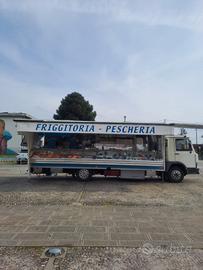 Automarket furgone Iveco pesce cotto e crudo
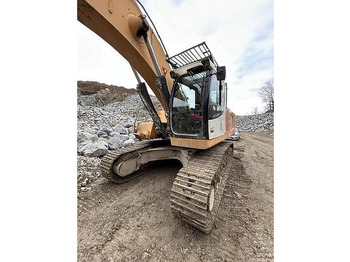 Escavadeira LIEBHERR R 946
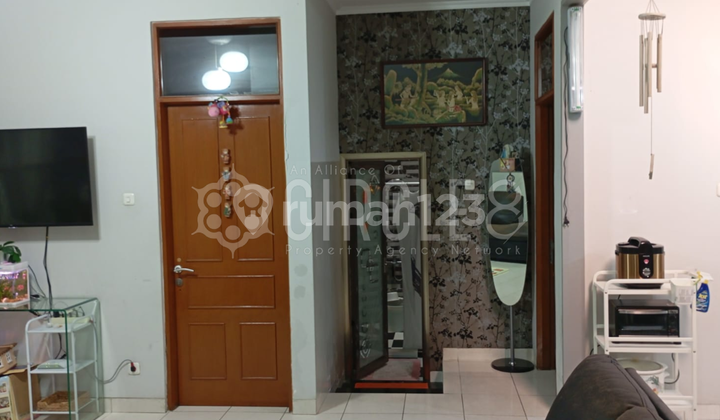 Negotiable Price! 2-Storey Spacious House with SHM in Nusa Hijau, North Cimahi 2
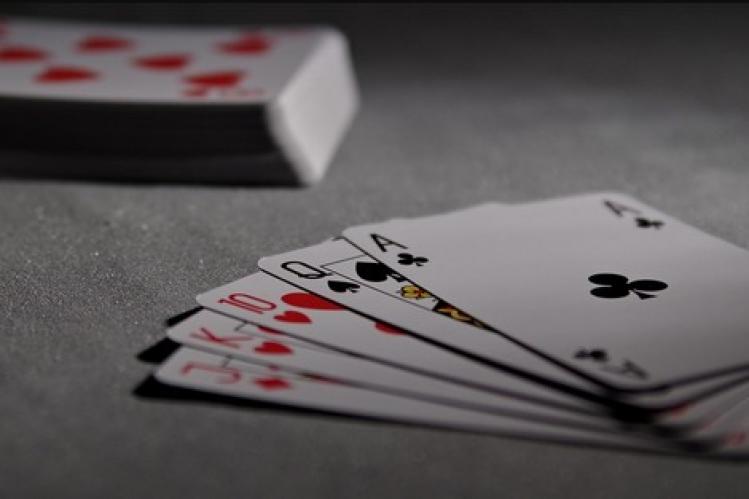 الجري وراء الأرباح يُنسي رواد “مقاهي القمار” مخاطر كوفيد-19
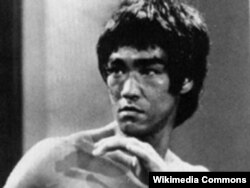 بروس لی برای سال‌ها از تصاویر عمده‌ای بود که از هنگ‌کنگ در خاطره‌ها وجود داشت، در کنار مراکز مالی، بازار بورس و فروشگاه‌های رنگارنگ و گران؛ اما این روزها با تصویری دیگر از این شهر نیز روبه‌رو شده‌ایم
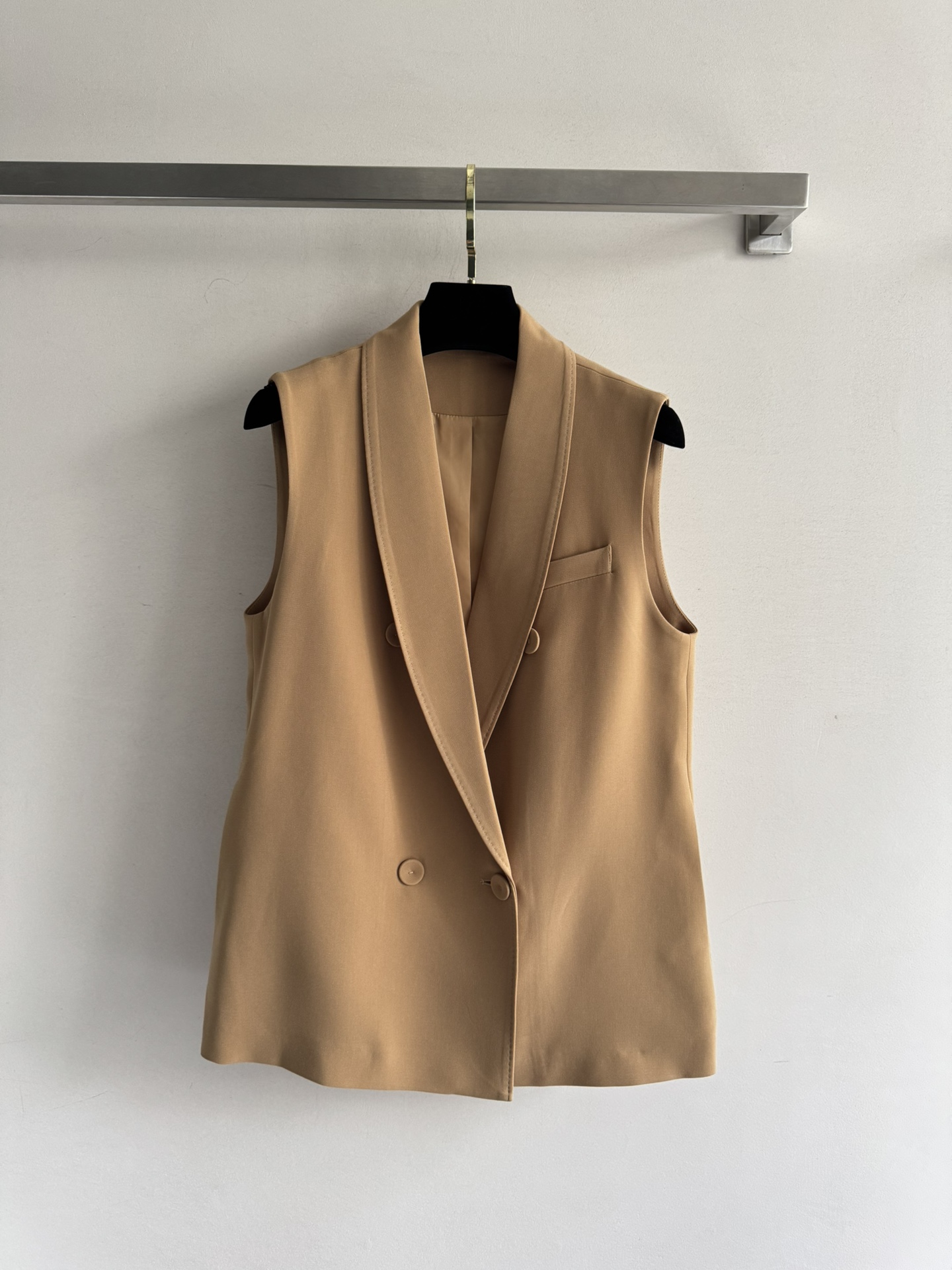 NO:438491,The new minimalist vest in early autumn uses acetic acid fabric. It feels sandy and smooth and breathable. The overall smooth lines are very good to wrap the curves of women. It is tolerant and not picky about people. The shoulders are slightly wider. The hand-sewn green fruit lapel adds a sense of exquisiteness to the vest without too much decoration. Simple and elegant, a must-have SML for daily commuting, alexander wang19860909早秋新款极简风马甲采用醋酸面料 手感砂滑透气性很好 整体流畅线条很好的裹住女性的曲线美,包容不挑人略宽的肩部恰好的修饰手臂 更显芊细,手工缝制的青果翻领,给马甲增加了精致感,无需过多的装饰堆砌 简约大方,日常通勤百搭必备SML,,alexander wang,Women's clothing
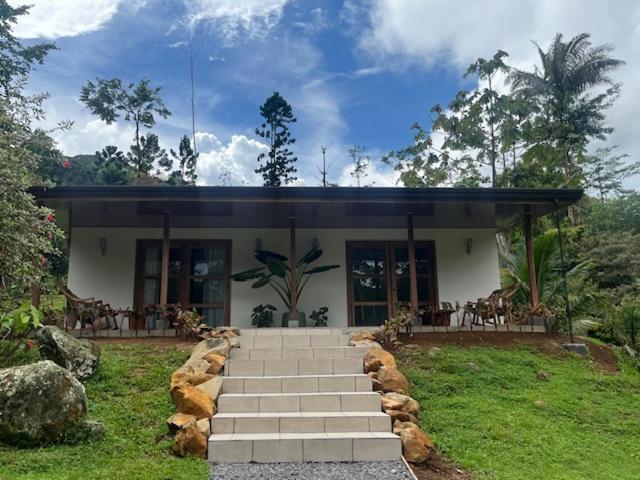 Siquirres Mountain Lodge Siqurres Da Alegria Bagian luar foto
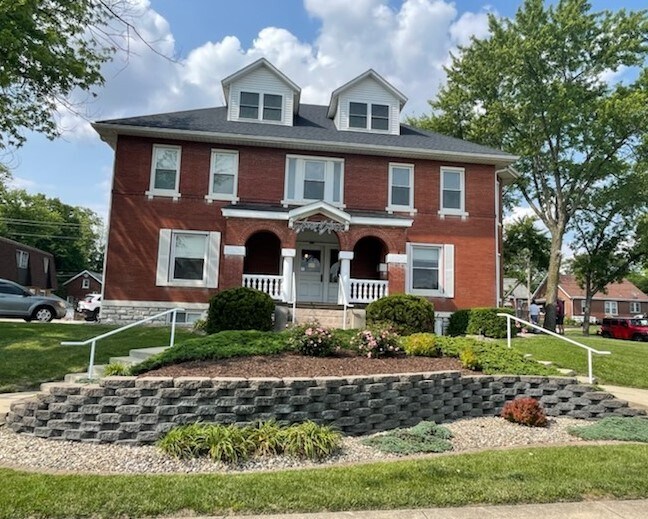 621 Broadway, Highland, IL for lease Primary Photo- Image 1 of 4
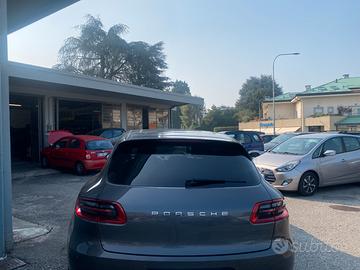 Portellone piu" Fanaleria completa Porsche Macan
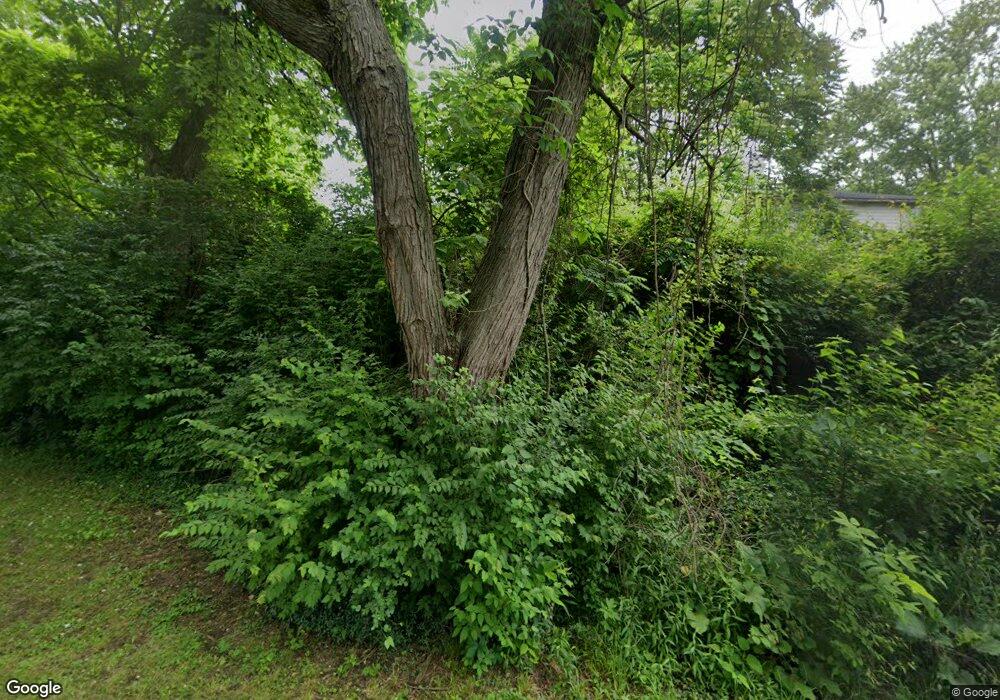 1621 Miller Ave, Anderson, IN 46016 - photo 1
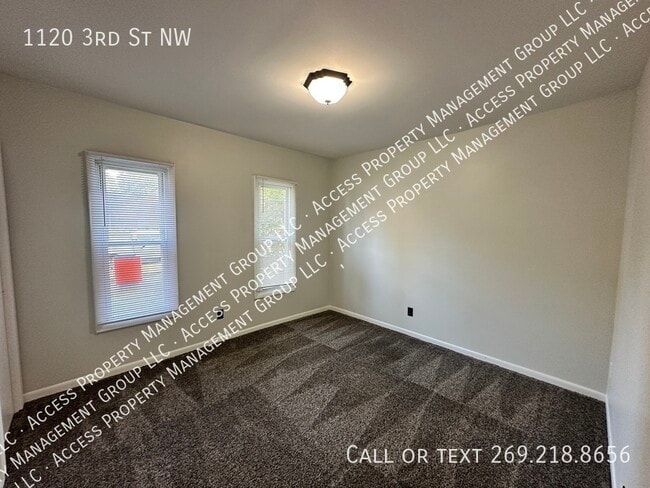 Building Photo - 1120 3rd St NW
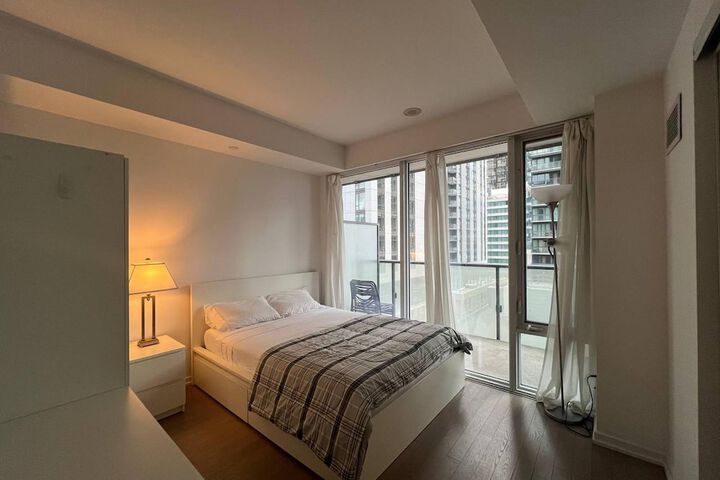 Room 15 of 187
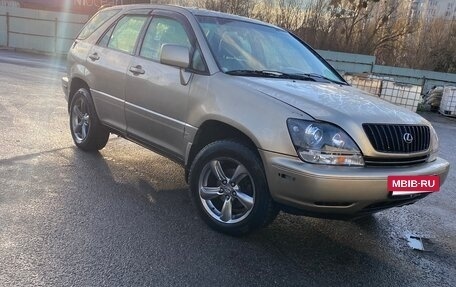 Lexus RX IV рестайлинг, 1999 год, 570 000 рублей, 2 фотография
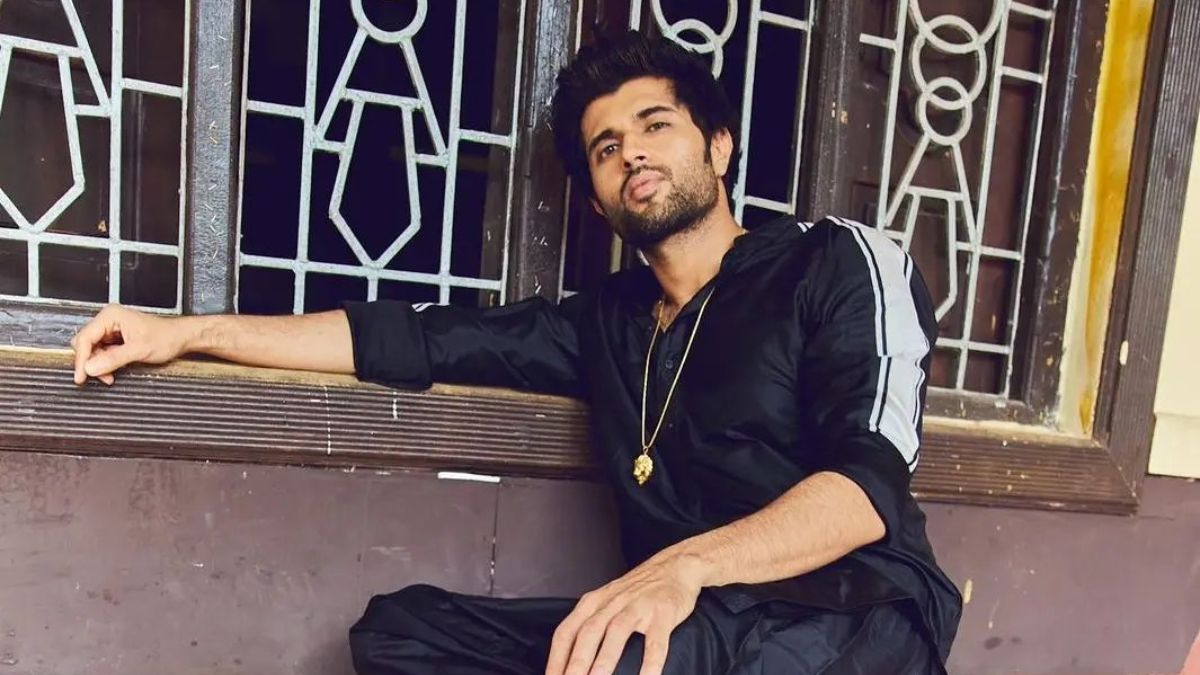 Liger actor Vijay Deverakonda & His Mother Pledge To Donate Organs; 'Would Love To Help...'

- Work instruction:
Your answer must be an exact copy of the lines from the one with "completa Porsche Macan" through the final line of the data, both included, without any pictures.

- Your solution:
 Portellone piu" Fanaleria completa Porsche Macan
 1621 Miller Ave, Anderson, IN 46016 - photo 1
 Building Photo - 1120 3rd St NW
 Room 15 of 187
 Lexus RX IV рестайлинг, 1999 год, 570 000 рублей, 2 фотография
 Liger actor Vijay Deverakonda & His Mother Pledge To Donate Organs; 'Would Love To Help...'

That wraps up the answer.